__Provided information__.

★ ★ ★ ★

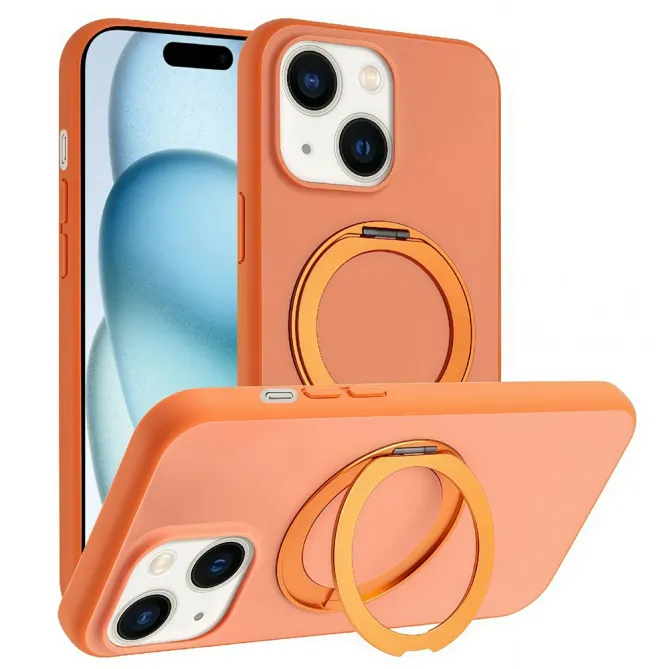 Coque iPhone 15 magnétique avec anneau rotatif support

★ ★ ★ ★

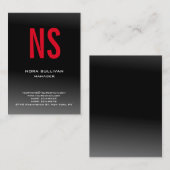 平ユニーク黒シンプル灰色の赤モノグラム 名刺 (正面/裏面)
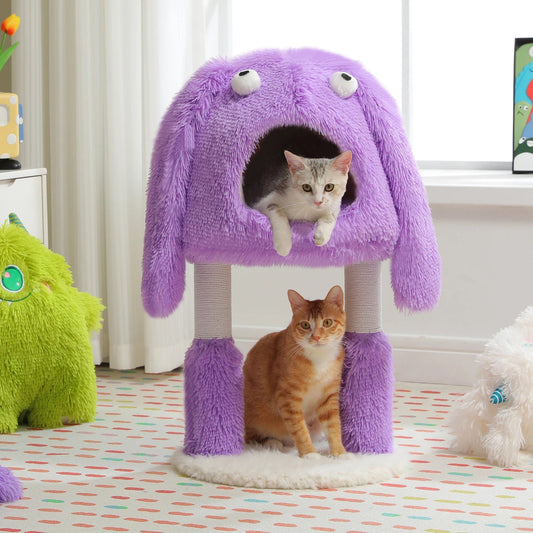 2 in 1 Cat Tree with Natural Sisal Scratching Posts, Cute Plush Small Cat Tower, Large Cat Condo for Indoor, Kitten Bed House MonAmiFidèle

★ ★ ★ ★

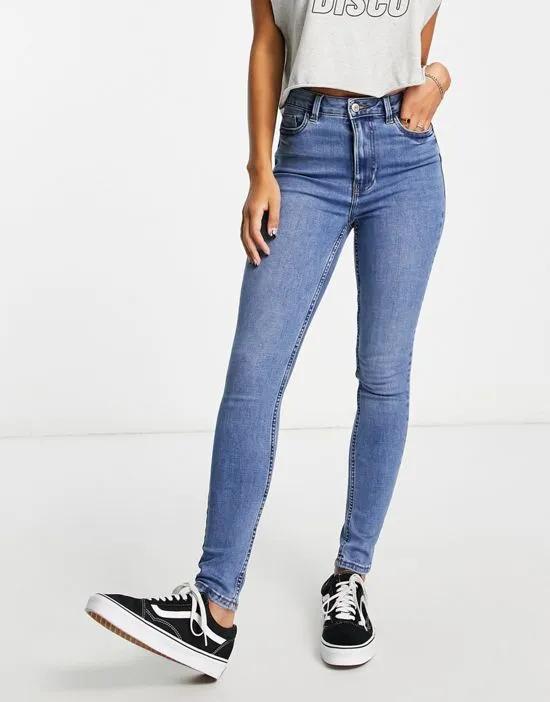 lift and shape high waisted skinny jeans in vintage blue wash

★ ★ ★ ★

All lines above from the one containing "平ユニーク黒シンプル灰色の赤モノグラム 名刺 (正面/裏面)" up to and including the one containing "2 in 1 Cat Tree" are to be set down exactly, and nothing else. Leave images out.

__Written response__.
 平ユニーク黒シンプル灰色の赤モノグラム 名刺 (正面/裏面)
 2 in 1 Cat Tree with Natural Sisal Scratching Posts, Cute Plush Small Cat Tower, Large Cat Condo for Indoor, Kitten Bed House MonAmiFidèle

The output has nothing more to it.